Nantucket High School was established in 1838. In 1856 a large wooden building for the high school was built on Academy Hill. The school stood out as a landmark on the north side of town and was a source of pride to several generations of its students. One of them was Alliston Greene, who was born in 1866. In the 1940s Greene serialized his reminiscences in the Inquirer and Mirror, where he recalled that in his school days, the Lily Pond had a much larger expanse of water than in later years. On freezing winter days, the Nantucket High School boys would rush down to the pond to skate. The route they took, what Greene described as “the lane at the south of the yard,” was Break Neck Alley.
The wooden high school was replaced in 1929 with the current three-story brick building that housed grades 1-12. By then, the name Breakneck Alley had been changed. On August 7, 1909, the Here and There column of the Inquirer and Mirror reported, “The narrow, rocky passage-way leading from the school-house grounds on Academy Hill to Lily street, commonly known as Break Neck Alley, has been given the pleasing name of Sunset Pass, and has an attractive sign-board at its Lily street entrance. If the pedestrian who uses the alley does not keep both his head and heels under control, he is liable to see stars as well as a sunset.”

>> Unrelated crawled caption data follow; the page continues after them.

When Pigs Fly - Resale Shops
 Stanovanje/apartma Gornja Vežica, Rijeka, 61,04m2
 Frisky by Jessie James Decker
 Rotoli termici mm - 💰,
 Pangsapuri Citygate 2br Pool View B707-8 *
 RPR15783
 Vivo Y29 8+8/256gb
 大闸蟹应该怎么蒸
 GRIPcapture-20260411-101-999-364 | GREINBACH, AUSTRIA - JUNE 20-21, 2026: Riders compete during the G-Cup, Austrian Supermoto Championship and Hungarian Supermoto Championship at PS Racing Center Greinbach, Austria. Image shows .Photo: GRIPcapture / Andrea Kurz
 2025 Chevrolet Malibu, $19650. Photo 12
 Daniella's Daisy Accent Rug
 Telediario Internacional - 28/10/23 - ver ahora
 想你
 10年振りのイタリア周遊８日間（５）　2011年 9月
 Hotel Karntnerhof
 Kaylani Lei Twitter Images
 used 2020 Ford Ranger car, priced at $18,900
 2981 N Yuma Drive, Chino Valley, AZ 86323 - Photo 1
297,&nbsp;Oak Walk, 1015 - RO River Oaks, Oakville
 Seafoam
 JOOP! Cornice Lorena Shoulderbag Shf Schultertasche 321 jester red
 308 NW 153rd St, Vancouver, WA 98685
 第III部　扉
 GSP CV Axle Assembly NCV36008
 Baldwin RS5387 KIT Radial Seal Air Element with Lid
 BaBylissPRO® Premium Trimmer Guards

A month later the newspaper reported that “the passageway leading from the Academy Hill school grounds to Lily Street is no more,” having been rebuilt and made safe for pedestrians. Henceforth it was to be known by the new name of Sunset Pass. There were problems with run-off from the school grounds washing out Sunset Pass, however, so in 1913 the town invested in further improvements: “Sunset Pass (formerly Break Neck Alley) has been concreted and the conditions there greatly improved. It is thought the concreting of the ‘Pass’ above and below the cement steps will prevent further annoyance by providing a channel through which the surface water may flow.” The following year an appropriation was sought at Town Meeting to install a streetlight on the corner of Sunset Pass and Lily Street.
Once automobiles were permitted on the island in 1918, Sunset Pass was frequently mentioned in the newspaper because of concern for school children running into the path of drivers on Lily Street. Other mentions of Sunset Pass occurred with some frequency in property descriptions. Apparently the name was accepted from the first, and there was no effort to restore or retain the earlier name. Instead, with time, most people have forgotten that the way had any name at all.